Já em tempos de pandemia, a Faina criou ainda a Maré Baixa, um ciclo de eventos de música eletrónica de registo mais calmo, realizados ao ar livre, nos quais a lotação é limitada, há lugares e mesas marcados e o espaço para dançar é restrito. Durante os meses de maio, junho e julho, o Maré Baixa ocupa o lounge do Duna Bar, na praia de Mira, dois sábados por mês. Na última quinzena de julho e durante o mês de agosto, é a vez deste ciclo de eventos passar também pela praia da Barra.

Por estes dias, a Faina pode orgulhar-se de esgotar quase todas as suas iniciativas e o ciclo Maré Baixa é bom exemplo disso mesmo.
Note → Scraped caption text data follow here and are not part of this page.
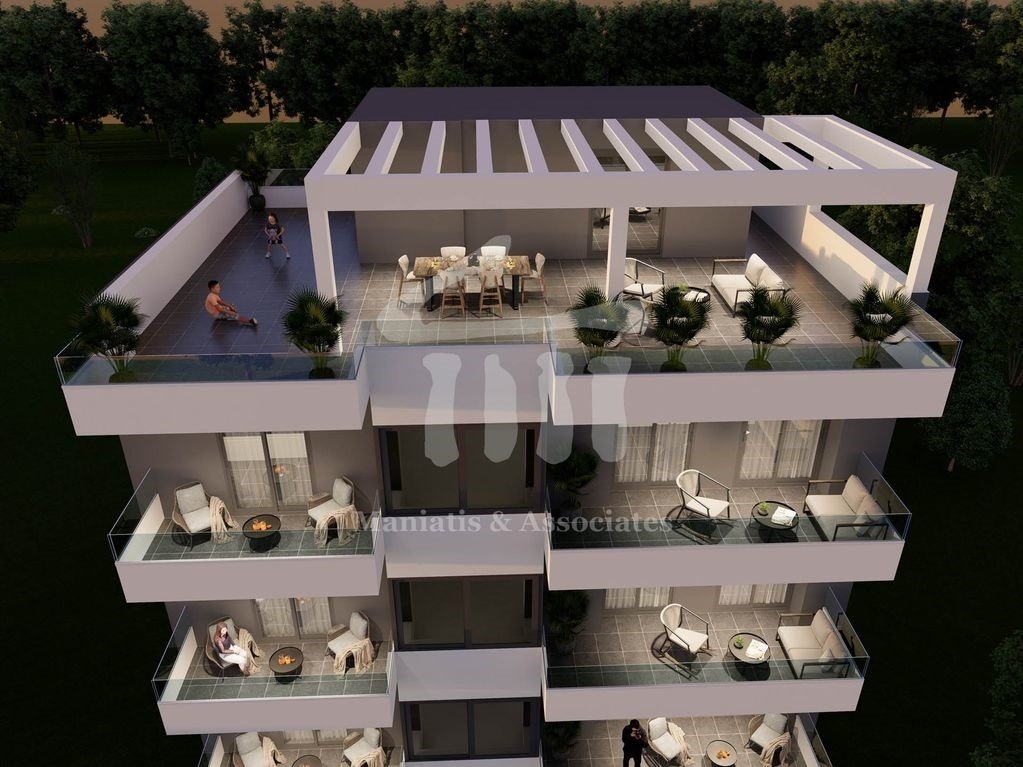 Apartment in Nea Smyrni, Attica, Greece 2 - 18674606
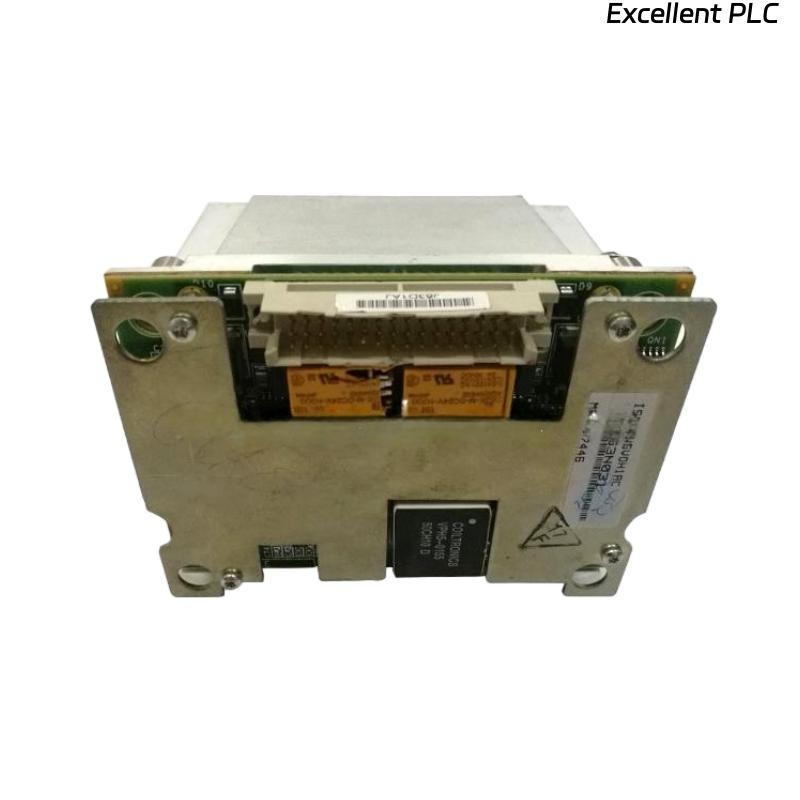 GE IS210WSVOH1A WSVO Heatsink Assembly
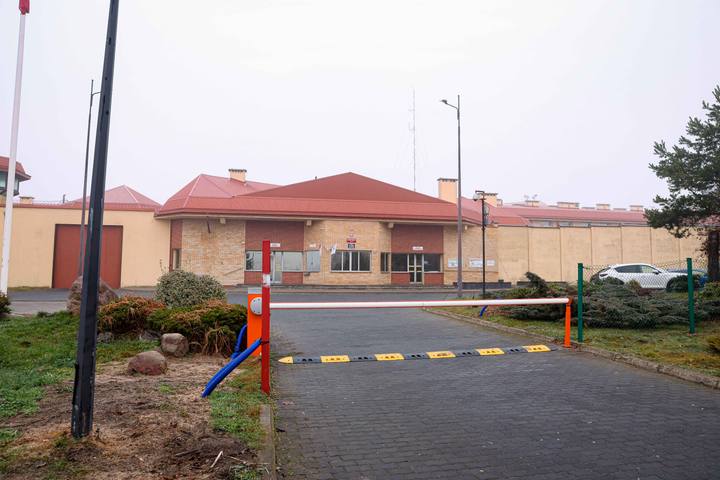 Football. Radomiak Radom. Press Conference. 02.12.2025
De acordo com Pedro, todas as datas já divulgadas esgotaram em pouco tempo. “São festas que se vendem em cinco minutos! A lotação é curta e as pessoas estão com muitas saudades de estar umas com as outras”. Razões mais do que suficientes para o DJ antecipar nova ronda de eventos com casa cheia assim que novas datas forem divulgadas.

Se, por um lado, há que reconhecer que as restrições de lotação e distanciamento impostas pelas autoridades de saúde são fundamentais para o combate à propagação do vírus, por outro, não há como negar que estas limitações são, de alguma forma, “incompatíveis com o espírito de uma pista de dança”. “A pista de dança é partilha, contacto, vibração e, neste contexto, não podemos ter nada disso”, assume o DJ. Ainda assim, acrescenta, “não queremos estar mais tempo afastados das pessoas”. “Entre ficar em casa isolado ou promover estes pequenos convívios com música mais calma e espaços de dança mais controlados, preferimos a segunda hipótese”, remata.